The medial head arises from several muscle fibers attached to various points on the anterior superior iliac spine and superior pubic ramus; it also receives fibers from an aponeurosis that covers these areas. The lateral head arises from a wide area just above and medial to its insertion at the linea aspera; there is no distinct origin for this part of the adductor magnus, but many muscle fibers attach directly or indirectly to it.
Cultivate your glutes – Quadratus femoris
The quadratus femoris is a thigh muscle. It is part of the quadriceps muscle group, which includes four other muscles: rectus femoris, vastus lateralis, vastus intermedius, and vastus medialis.
The quadratus femoris originates from several areas of the hip joint such as the acetabulum (hip socket), iliac crest, and antero-inferior iliac spine (AIIS). The fibers of this muscle run in an oblique direction to insert into the posterior part of the upper part of the tibia near its head (tibia). This muscle forms a tendon that attaches to your patella (kneecap) that allows you to extend your knee joint when you walk or run.
The quadriceps tendon connects these four muscles together so that they act as one unit when you move your leg against gravity – for example while walking or running.
Develop your glutes – Short adductor
The adductor brevis is a small muscle located deep to the adductor longus. It arises from the pubic bone and inserts on a bony tubercle on the medial surface of the proximal femur. There are two such muscles in human anatomy, one on each side of the pelvis (one is shown here).

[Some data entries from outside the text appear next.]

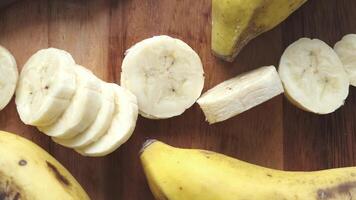 Several bananas are sliced and arranged on a cutting board video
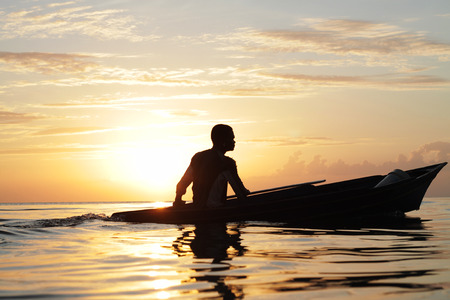 Local sea gypsy boating across open sea water with beautiful sunset background の写真素材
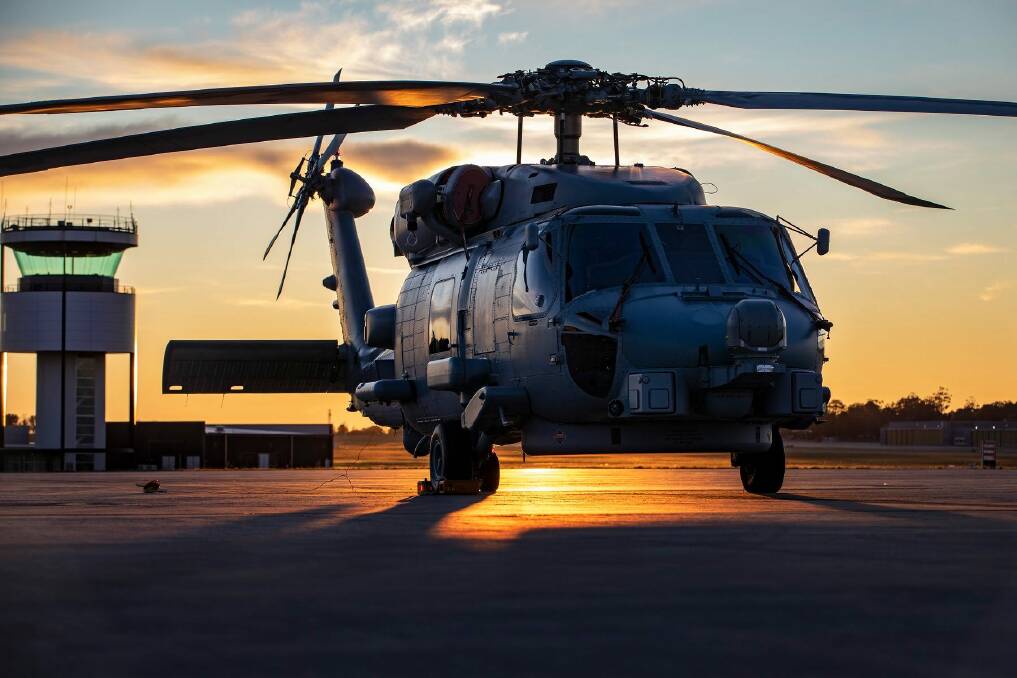 TOP BIRD: MH-60R Romeo helicopter from 816 Squadron is silhouetted against the morning sun on the flight line at HMAS Albatross. Photo: Cameron Martin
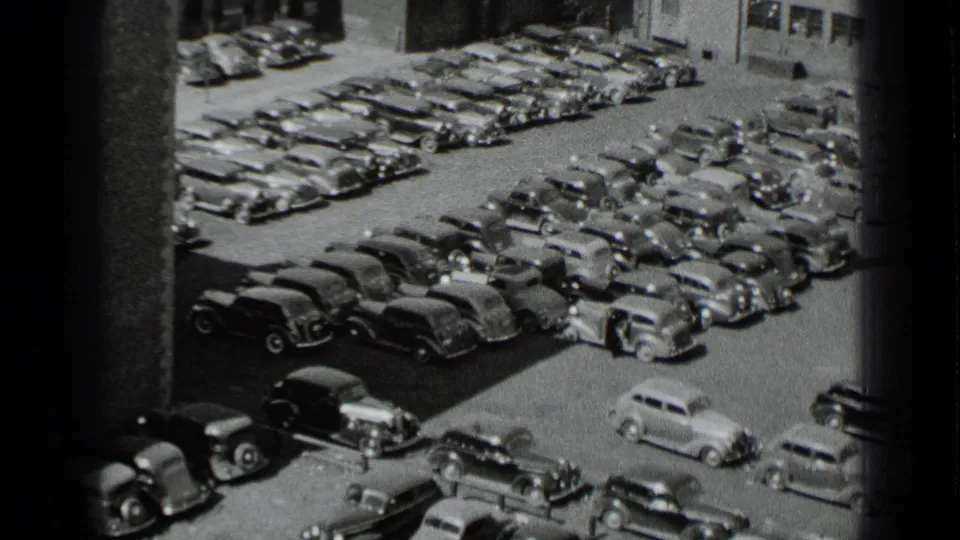 High-angle 1939 New York home-movie frame showing rows of parked cars and a small figure near the vehicles.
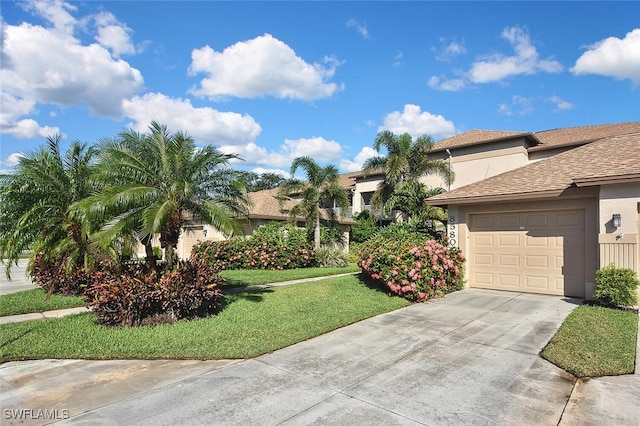 8580 Cedar Hammock Cir Unit 714, Naples, FL 34112 - view of front facade featuring stucco siding, concrete driveway, a garage, and a front lawn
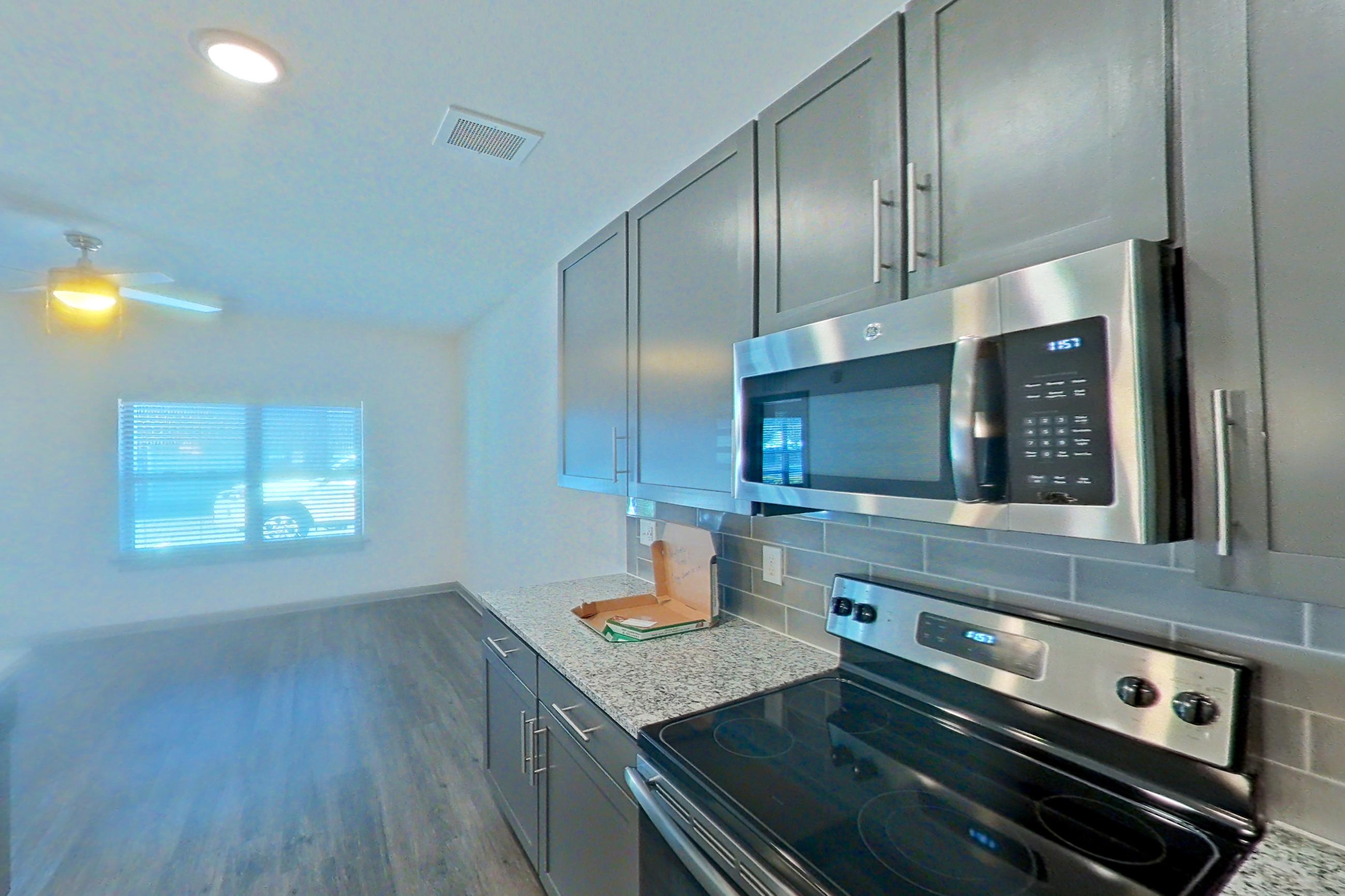 Kitchen with electric range, kitchen island, light stone countertops, light wood-finish flooring, microwave, oven/range, refrigerator, stainless steel appliances, and water & ice dispenser, Apartment 7-109 at Aventine Northshore
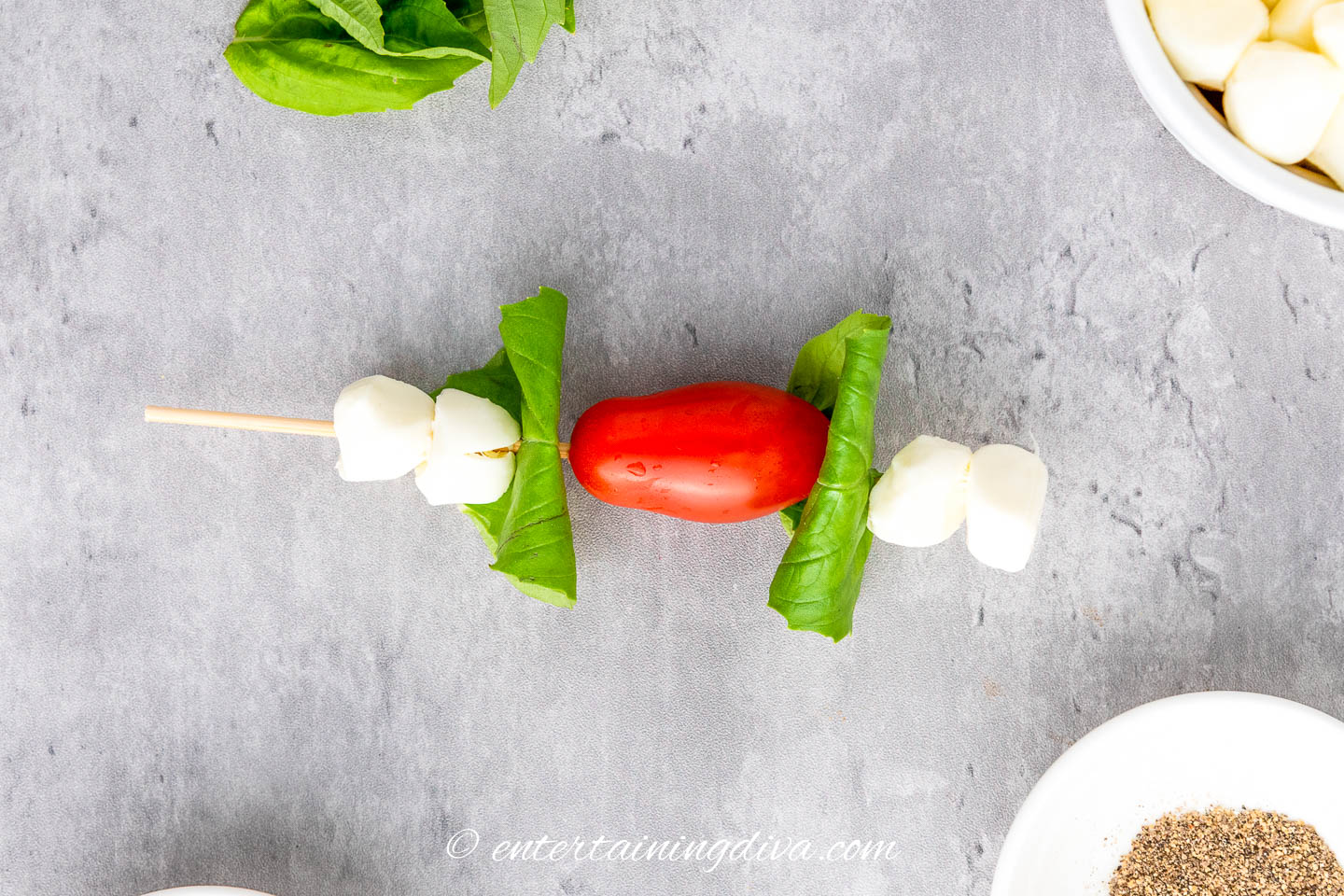 A caprese skewer with 4 small mozzarella pearls, 2 folded basil leaves and a grape tomato on a skewer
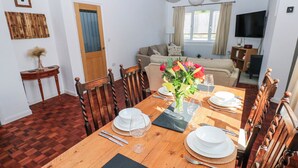 A dining area with a wooden table set for four, chairs, a vase with flowers, and a television in the background. - Moonraker (Saundersfoot)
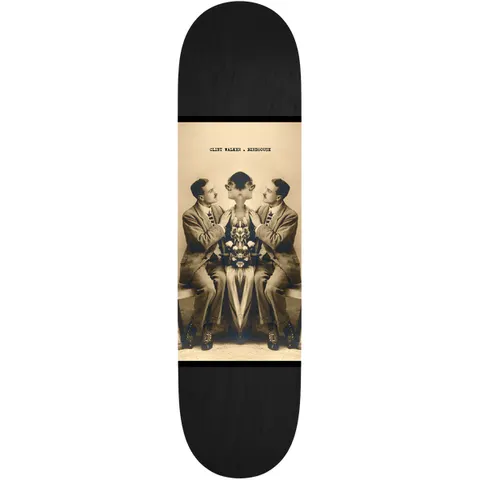 Birdhouse Clint Walker Beautiful Mutants 8.25 skateboard deck: A sepia vintage photograph panel in the centre of a black deck shows two seated men in suits flanking a woman, mirrored and merged so her head is replaced with a symmetrical floral form. A small caption names the rider and brand.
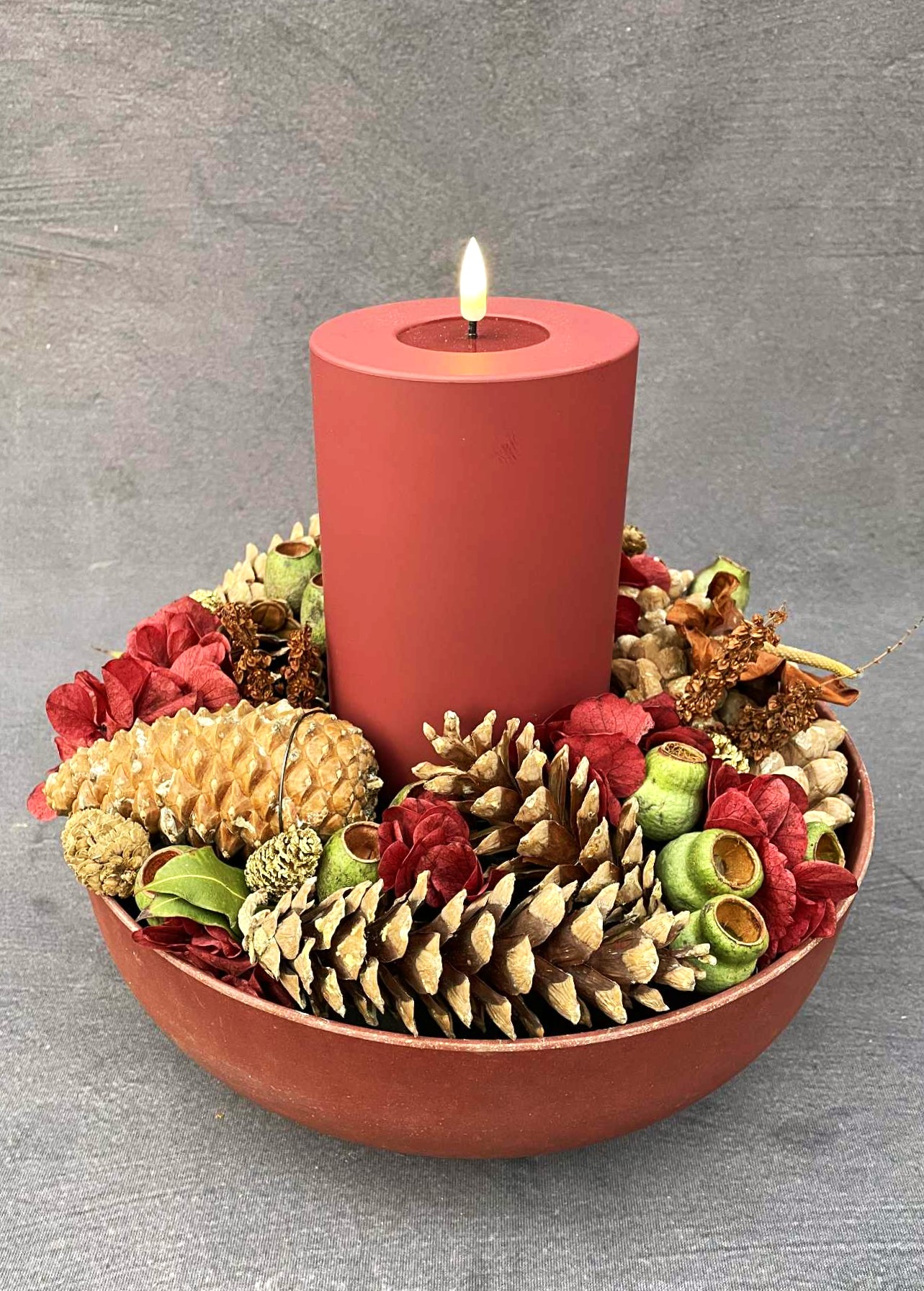 Juledekoration med rundt fad fyldt af kogler, agern og tørrede blomster. På toppen lyser et rødt LED bloklys.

The adductor brevis works to adduct (bring) your thigh closer to your body, contributing to hip flexion, hip extension, and internal rotational motion. It also aids in the abduction of your thigh during walking movements such as running or jumping.
Develop your glutes – Adductor longus
The adductor longus muscle is a long, wide muscle that originates on the anterior superior iliac spine, or ASIS. It then passes along the thigh to insert on the medial side of the femur, which is its other endpoint.
The function of this muscle is to adduct (move toward the midline) and flex (bend) your hip joint; it also helps to flex the knee joint.
Cultivate Your Glutes – External Shutter
The external obturator is a muscle that sits on the outer side of your hip and helps adduct (move toward the midline) of your thigh. It also stabilizes your pelvis when standing or walking. The external obturator is part of a group of muscles called the adductors, which are responsible for moving the limbs inward toward the midline of the body and for lateral rotation of the thigh.
The external obturator arises from both sides of the iliopubic ramus and pelvis, as well as the fascia lata (a thick band of connective tissue around most of your outside thigh). The tendon then crosses the gluteal fossa before inserting into the lesser trochanter via strong ligamentous connections near the greater trochanter and the lateral femoral epicondyle (bony protuberance on the outer surface), where it merges with other muscles in the front part of the hip joint capsule.
Cultivate Your Glutes – Internal Obturator
The obturator internus is a hip muscle that originates on the superior ramus of the pubis and inserts into the anterior wall of the small pelvis, just posterior to the obturator membrane.
It’s one of four muscles that surround your hip joint and control the sideways movements of your hips, such as kicking a ball or squatting to pick something up off the floor.
Injuries can occur when you don’t stretch properly before exercising or lifting weights. Strengthening these muscles will also help prevent injury if done correctly!
Conclusion – Develop your glutes
Try adding the three exercises explained in the video above to your workout.